Task objective
Pick out and copy every line below that has the word "Paperback".

[Opening Input for this task section]

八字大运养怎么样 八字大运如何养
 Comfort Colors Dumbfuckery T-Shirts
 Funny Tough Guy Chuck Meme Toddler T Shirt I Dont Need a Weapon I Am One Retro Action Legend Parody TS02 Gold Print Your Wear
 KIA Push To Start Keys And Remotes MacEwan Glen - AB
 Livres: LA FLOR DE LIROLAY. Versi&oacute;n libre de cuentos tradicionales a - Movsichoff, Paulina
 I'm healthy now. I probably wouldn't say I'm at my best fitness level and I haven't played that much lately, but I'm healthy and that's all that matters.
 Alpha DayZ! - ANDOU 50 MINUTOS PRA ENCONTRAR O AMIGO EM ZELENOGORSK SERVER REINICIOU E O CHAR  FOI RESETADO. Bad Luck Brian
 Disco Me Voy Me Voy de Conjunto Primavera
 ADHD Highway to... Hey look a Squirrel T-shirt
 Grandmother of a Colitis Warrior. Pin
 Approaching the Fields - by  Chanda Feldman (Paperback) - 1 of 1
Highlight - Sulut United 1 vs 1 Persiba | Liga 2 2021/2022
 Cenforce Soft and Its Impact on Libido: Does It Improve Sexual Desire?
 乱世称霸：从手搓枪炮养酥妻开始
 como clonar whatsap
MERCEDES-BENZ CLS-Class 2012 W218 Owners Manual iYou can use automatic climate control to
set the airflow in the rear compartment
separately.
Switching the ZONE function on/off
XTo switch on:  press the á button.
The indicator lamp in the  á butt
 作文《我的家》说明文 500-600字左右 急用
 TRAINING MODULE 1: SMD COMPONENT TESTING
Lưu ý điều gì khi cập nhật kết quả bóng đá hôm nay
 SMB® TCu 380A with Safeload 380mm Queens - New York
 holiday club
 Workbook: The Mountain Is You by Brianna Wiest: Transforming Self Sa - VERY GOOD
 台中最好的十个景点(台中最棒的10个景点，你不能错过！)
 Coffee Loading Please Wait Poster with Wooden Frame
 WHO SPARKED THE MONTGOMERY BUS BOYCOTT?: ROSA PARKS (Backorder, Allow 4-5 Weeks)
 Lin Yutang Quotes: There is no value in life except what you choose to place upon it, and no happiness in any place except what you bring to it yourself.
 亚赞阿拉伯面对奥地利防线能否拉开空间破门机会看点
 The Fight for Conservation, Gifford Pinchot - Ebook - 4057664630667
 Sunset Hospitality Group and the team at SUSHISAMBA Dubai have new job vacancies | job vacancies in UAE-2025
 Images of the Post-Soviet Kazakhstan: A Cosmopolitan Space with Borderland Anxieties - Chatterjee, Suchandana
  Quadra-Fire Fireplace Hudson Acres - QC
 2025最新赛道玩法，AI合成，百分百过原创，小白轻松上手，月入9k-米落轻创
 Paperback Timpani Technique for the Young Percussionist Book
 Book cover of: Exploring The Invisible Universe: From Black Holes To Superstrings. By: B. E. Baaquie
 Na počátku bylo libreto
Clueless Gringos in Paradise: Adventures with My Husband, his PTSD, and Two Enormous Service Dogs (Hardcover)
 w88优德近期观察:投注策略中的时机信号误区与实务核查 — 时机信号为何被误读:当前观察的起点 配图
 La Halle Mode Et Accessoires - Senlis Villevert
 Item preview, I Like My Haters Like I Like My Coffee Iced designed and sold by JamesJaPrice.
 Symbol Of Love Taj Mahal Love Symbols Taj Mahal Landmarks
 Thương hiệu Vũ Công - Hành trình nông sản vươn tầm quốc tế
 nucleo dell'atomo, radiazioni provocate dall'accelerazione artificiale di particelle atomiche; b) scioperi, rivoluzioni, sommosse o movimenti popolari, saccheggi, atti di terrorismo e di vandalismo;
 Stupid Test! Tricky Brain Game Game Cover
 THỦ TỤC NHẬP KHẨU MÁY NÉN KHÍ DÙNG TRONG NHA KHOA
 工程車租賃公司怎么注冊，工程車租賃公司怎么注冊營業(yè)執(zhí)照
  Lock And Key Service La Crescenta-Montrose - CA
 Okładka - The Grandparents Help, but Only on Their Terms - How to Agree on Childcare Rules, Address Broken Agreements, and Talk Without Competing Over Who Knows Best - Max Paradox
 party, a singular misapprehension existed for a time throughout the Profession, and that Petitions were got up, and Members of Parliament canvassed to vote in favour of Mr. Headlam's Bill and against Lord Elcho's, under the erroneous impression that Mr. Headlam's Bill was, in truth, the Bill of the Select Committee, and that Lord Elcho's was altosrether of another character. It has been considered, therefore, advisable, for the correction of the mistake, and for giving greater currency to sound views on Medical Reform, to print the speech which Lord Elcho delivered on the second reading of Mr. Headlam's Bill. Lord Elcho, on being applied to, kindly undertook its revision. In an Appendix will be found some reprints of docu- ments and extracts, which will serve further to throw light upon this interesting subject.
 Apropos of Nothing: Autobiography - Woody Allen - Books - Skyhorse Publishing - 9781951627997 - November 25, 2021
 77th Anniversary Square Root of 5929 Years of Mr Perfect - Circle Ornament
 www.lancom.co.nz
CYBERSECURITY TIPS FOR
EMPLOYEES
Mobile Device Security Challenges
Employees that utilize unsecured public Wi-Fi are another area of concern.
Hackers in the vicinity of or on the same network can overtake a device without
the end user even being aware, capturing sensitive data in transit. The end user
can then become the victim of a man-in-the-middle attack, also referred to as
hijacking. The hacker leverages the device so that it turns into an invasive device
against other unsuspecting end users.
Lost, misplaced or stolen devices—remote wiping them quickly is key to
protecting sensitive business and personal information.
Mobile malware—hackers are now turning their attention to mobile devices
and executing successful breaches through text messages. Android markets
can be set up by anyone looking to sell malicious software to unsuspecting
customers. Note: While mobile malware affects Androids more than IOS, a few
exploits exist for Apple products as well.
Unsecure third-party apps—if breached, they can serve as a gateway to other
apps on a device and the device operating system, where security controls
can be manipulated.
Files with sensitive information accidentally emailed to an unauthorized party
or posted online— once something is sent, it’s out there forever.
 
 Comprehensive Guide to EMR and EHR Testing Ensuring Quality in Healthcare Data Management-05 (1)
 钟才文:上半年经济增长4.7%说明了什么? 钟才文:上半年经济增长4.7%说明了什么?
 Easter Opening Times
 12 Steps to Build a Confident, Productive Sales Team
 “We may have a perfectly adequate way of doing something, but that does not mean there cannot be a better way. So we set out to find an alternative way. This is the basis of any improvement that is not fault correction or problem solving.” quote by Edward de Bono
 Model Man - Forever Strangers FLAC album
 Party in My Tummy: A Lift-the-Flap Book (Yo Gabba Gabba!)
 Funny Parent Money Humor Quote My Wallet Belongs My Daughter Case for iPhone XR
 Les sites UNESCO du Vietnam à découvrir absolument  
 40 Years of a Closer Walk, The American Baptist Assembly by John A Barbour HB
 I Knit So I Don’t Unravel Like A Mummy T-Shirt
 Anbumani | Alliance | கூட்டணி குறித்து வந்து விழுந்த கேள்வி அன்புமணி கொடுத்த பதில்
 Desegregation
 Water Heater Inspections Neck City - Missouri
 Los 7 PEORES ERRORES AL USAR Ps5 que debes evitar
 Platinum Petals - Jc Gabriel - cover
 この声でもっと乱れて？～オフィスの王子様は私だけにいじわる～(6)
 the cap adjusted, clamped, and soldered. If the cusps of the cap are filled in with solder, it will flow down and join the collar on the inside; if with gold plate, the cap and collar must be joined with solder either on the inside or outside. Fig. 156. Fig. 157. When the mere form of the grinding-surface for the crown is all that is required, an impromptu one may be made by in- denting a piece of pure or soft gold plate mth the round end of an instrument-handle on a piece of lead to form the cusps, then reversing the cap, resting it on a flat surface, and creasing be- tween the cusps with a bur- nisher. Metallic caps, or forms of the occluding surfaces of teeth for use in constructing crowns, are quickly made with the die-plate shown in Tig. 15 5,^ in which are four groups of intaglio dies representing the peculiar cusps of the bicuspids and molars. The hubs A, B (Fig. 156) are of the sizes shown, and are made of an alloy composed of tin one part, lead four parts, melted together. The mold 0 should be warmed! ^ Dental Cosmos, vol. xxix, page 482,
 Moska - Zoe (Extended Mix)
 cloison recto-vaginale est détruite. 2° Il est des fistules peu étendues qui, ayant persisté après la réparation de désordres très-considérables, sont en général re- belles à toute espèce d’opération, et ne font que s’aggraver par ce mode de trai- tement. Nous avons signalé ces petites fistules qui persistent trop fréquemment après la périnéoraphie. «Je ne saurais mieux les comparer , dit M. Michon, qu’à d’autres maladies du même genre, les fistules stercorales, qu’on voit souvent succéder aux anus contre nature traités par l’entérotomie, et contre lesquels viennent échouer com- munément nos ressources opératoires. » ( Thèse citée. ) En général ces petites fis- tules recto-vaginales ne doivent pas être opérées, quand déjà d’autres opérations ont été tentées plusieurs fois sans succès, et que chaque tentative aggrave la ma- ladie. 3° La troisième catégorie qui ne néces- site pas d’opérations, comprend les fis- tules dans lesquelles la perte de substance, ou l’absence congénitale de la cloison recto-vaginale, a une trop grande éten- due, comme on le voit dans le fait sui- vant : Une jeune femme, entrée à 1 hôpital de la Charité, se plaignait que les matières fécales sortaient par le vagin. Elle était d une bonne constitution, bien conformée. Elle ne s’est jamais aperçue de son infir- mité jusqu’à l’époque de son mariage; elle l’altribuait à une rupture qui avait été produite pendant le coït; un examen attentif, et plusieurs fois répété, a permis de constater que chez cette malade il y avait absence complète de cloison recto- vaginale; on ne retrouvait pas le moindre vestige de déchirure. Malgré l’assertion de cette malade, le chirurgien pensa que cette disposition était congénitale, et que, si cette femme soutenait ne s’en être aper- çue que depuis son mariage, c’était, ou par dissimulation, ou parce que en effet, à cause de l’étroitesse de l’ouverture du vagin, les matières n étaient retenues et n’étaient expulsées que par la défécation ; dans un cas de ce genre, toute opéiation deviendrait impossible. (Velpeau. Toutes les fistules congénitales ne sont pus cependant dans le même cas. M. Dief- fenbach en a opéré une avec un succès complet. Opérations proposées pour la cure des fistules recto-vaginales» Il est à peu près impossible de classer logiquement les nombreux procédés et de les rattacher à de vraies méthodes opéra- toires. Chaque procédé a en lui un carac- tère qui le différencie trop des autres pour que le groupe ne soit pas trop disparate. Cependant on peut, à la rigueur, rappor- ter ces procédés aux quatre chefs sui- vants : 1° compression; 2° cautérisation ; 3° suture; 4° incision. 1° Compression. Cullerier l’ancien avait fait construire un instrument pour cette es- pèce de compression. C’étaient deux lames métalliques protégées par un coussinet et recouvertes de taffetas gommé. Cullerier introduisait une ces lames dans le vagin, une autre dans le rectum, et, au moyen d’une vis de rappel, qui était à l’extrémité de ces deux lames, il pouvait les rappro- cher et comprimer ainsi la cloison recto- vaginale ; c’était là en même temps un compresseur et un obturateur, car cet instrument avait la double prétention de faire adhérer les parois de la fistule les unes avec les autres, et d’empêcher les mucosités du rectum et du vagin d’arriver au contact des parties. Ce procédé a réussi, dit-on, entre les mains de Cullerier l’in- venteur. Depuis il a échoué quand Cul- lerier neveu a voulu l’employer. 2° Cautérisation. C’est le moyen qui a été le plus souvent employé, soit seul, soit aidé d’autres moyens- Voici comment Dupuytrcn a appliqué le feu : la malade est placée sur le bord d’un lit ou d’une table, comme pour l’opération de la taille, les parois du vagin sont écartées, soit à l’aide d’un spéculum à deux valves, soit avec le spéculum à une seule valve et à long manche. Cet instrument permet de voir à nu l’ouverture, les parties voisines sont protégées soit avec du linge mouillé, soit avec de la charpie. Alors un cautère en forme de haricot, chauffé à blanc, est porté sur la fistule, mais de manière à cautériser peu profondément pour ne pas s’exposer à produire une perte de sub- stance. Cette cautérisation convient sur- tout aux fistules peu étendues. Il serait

[Closing Input for this task section]

Solved problem
 Approaching the Fields - by  Chanda Feldman (Paperback) - 1 of 1
 Paperback Timpani Technique for the Young Percussionist Book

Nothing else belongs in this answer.